Varios fracasos en los esfuerzos de ambas partes, de China y de Estados Unidos, por conseguir un entendimiento en materia comercial precedieron a la reunión de la cumbre del G-20 del fin de semana. El mundo entero estuvo en vilo, tomando medidas de cautela frente a la posibilidad inmediata de una desaceleración y esperando que los dos gigantes depusieran la actitud agresiva que han mantenido los últimos meses vis à vis del otro.
Al fin un acuerdo entre ambos mandatarios, al margen del encuentro del G-20, le da un respirito a las tensiones. Pero es solo eso, una especie de pálida tregua. El norteamericano aceptó retirar sus aranceles a las nuevas importaciones provenientes de China y también dejó sin efecto la prohibición impuesta a las empresas estadounidenses de vender componentes y productos a Huawei. El chino, de su lado, se dispone a autorizar mayores compras del sector agroindustrial a Norteamérica y también decidió no imponer nuevas tasas a importaciones futuras. Un detalle bueno adorna esta especie de final feliz y es que ninguno de los dos lados se atrevió a establecer fechas topes para el entendimiento que se rompió bruscamente en mayo, sin que aún sepamos por qué. Un detalle malo es que los dos mandatarios no miraron para atrás. Los castigos tarifarios pasados no fueron desmontados.
Así, pues, este entendimiento no es cuestión de “borrón y cuenta nueva”.
Los problemas de fondo subsisten, no cabe duda, porque su calibre es grueso. Estados Unidos sigue considerando un asunto de seguridad estratégica el errado comportamiento chino en materia de protección de derechos intelectuales y Trump no es de los que está dispuesto a permitir tal tipo de lesión a los avances tecnológicos de su propio país, sobre los que China impone transferencias forzadas.

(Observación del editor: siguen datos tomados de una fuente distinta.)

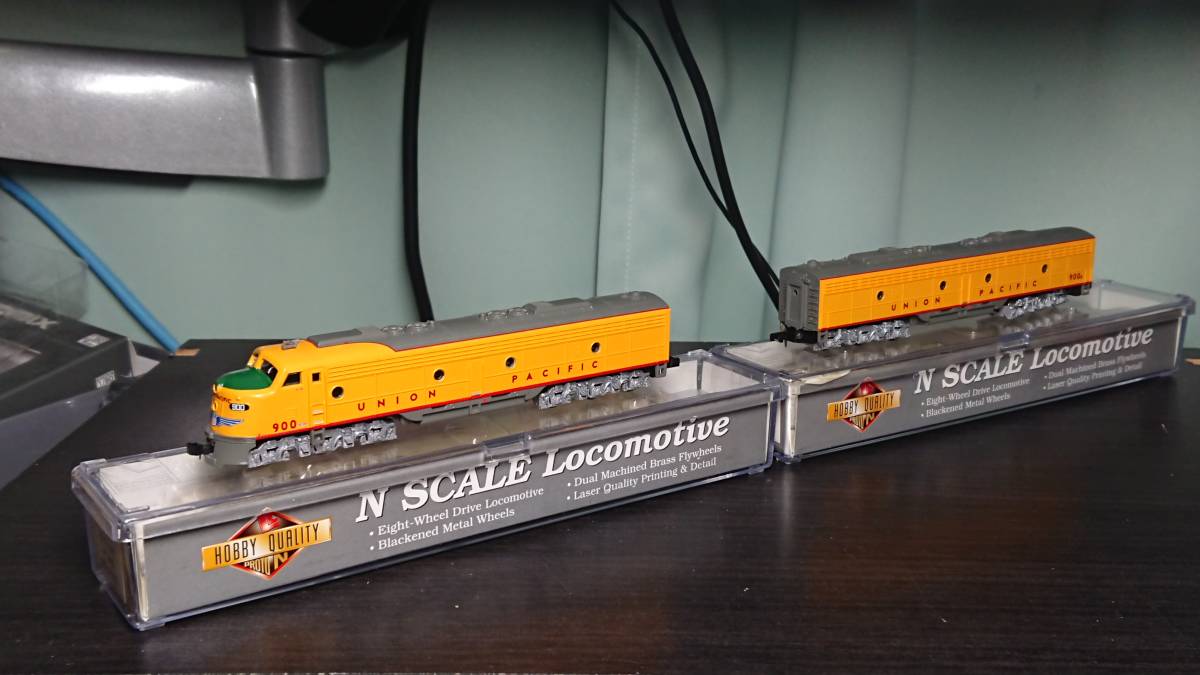 最終セール価格 Proto Emd E8 A B Up 900 アメリカ型 店舗限定特典つき おもちゃ ゲーム 鉄道模型 Roe Solca Ec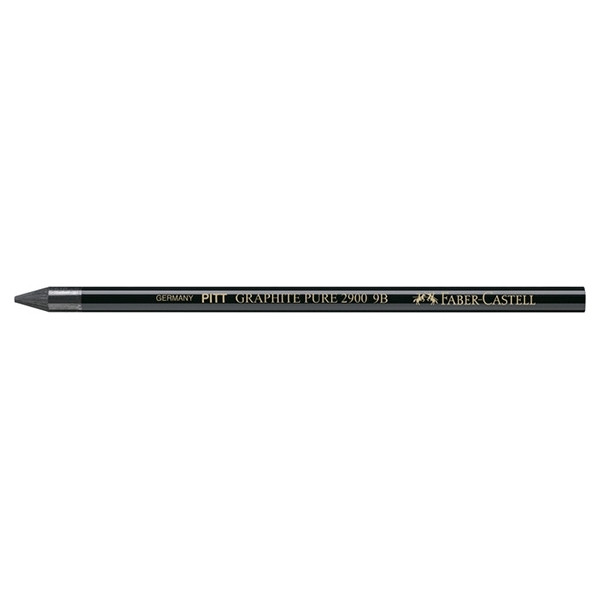 Faber-Castell Grafitpenna 9B | Faber-Castell Pitt Pure FC-117309 220080 - 1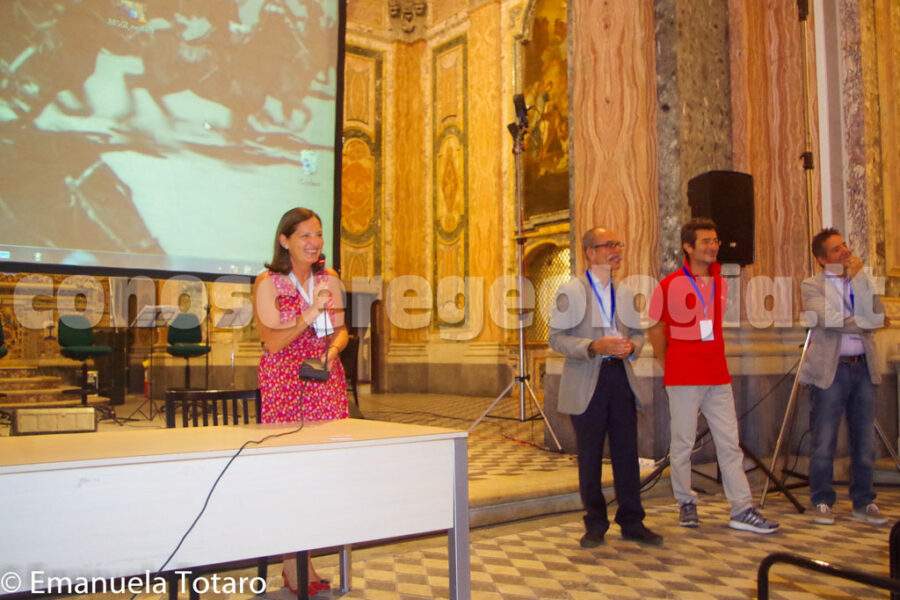 FOTOGALLERY CONOSCEREGEOLOGIA – Gli scatti dell’88° Congresso della Società Geologica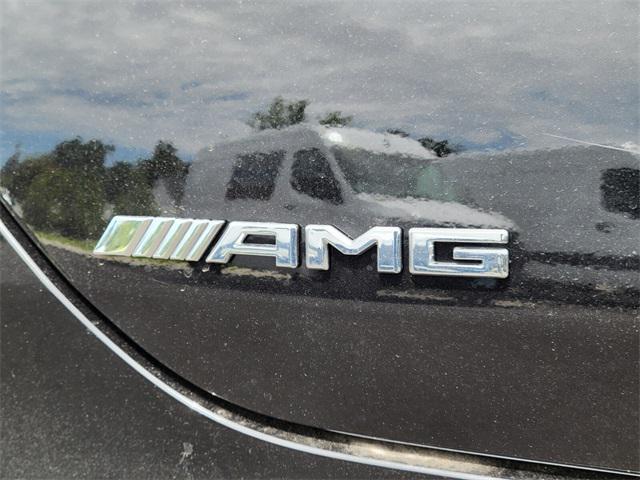 new 2025 Mercedes-Benz AMG GLE 53 car, priced at $101,740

Además, es claro que cada paso que emprenda el presidente de Estados Unidos en este momento será medido en función de la consecuencia que tenga sobre su oferta electoral. Aumentar las exportaciones de sus zonas rurales a China, por ejemplo, solo puede ser vista como una jugada de impacto en ese terreno.
Del lado chino, Xi no comulga con la aspiración norteamericana de equilibrar por la fuerza el comercio entre ambos titanes. El mandatario considera bien ganada su supremacía comercial frente a Estados Unidos y pretende seguir inundando el mercado norteamericano de productos altamente subsidiados. Tampoco China moverá una brizna de paja a favor de las derogatorias legales a las que sus socios comerciales aspiran en el terreno comercial y tecnológico.
Es por un conjunto de razones de peso, pues, que las posiciones contrapuestas de las dos mayores economías mundiales no consiguen avenirse, aunque de ambos lados existan buenas razones para ser conscientes de que, como asegura Xi, todos obtienen menos de la confrontación. Ello sin contar con que las dos economías han tenido que hacer frente a un nuevo elemento externo: el debilitamiento de la demanda global debido a la desaceleración económica planetaria como consecuencia de la anticipación de los mercados mundiales frente a una guerra que se anuncia cáustica en extremo.
La de Osaka solo es un compás de espera alcanzado más por el avenimiento de las personalidades de los actores que por otra razón y tal tregua no puede calificarse del fin consensuado de una guerra. Los motivos siguen intactos y escalarán en la medida en que el tiempo avance. Donald Trump y Xi Jinping apenas han pasado la página sobre sus mutuas desavenencias.